16 December 2014

Scientists use satellites to monitor volcano risks

Posted by kwheeling

By Kim Smuga-Otto

Copahue is a remote, but active volcano — it last erupted on July 4, 2014. Its location in the sparsely populated southern Andes Mountains near the Chile-Argentina border makes direct monitoring difficult.

Copahue erupts on November 7, 2013. Credit: Juan Carlos Martins

Copahue erupts on November 7, 2013.
Credit: Juan Carlos Martins

A NASA team utilized satellite data to create a map of past volcanic deposits and modeled the risk to nearby towns. They found one town on a potential lava flow path and a second town at risk for mud flows. The results were presented at Monday’s poster session at the American Geophysical Union’s Fall Meeting. The group’s methodology using satellite images can serve as a template for remotely assessing volcano risk, according to the researchers.

“Anyone, anywhere in the world can do this mapping,” said Julie Griswold, a USGS geologist who works in volcano disaster assistance and who was not involved with the study.

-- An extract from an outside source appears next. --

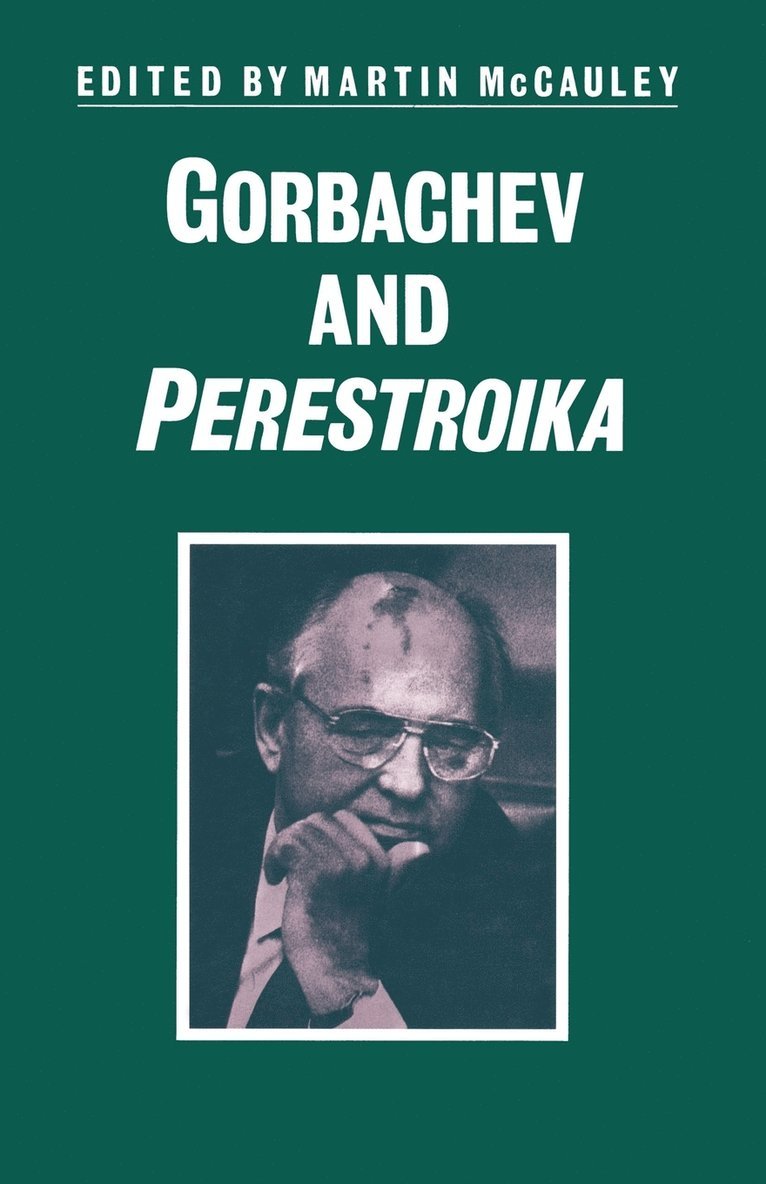 Gorbachev and Perestroika 1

NASA Project Coordinator Amber Keith explained how the team used the satellites readings to identify the chemical composition of the mountain rock and classify the vegetative ground cover. From this they sussed out volcanic mineral deposits and revealed a past lava flow going southwest of Copahue. The reconstructed map matched an on-the-ground study from 2006.

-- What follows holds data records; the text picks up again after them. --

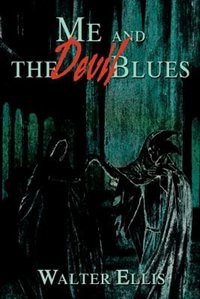 Front cover_Me and the Devil Blues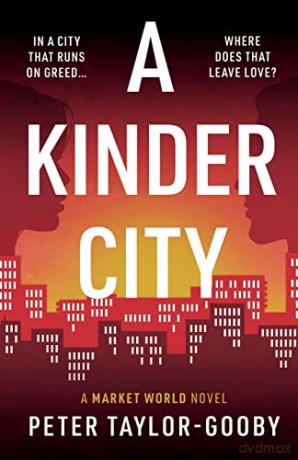 A Kinder City: A Market World Novel - Peter Taylor-Gooby [KSIĄŻKA]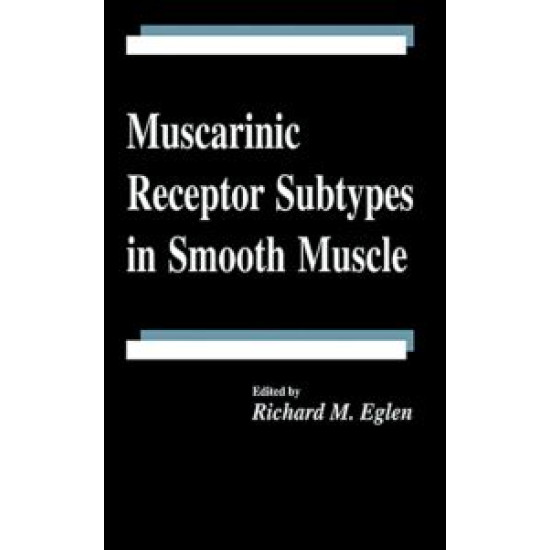 Muscarinic Receptor Subtypes in Smooth Muscle Muscarinic Receptor Subtypes in Smooth Muscle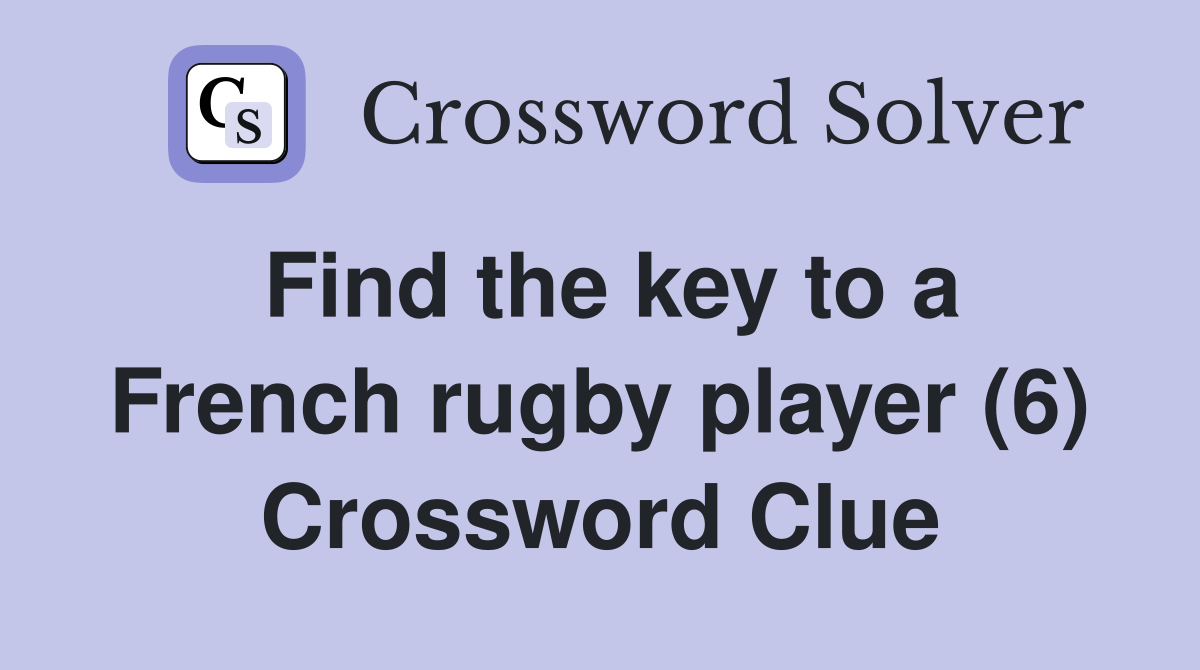 Find the key to a French rugby player (6) Crossword Clue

They used this map and additional satellite data to analyze the risks posed from erupting volcanos. There are the obvious lava flows, burning everything in their path, and the far reaching ash that can pile up and collapse roofs, damage crops or poison water. Just as deadly are Lahars, or mud flows, that solidify like concrete when they stop moving and pyroclastic flows, a fast moving, low to the ground layer of rock and gas that can reach 1300 degrees Fahrenheit (700 degrees Celsius).

The team looked at the volcano’s three active vents and calculated the probable lava flows using their historical model. They ran the iterations 10,000 times to get a complete picture. Two of the vents flowed south, away from inhabited areas, but the primary vent “every time went in the direction of the town of Caviahue.” said Keith. Lahars flows were also extrapolated from past data and these seemed to indicate danger to the northern town of Butalelbun.

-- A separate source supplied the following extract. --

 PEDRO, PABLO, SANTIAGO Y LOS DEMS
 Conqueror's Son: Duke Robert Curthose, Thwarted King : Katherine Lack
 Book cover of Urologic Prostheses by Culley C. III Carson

The team had less certainty when it came to modeling other dangers. In the case of the ash spread, the data was averaged monthly and they couldn’t capture the daily wind effect. And their model overestimated the distribution of pyroclastic flows.

However, Keith feels that the data, taken together will be useful for the end users of the analysis to provide them with an area of greatest risk.

Kim Smuga-Otto is a science communication graduate student at UC Santa Cruz.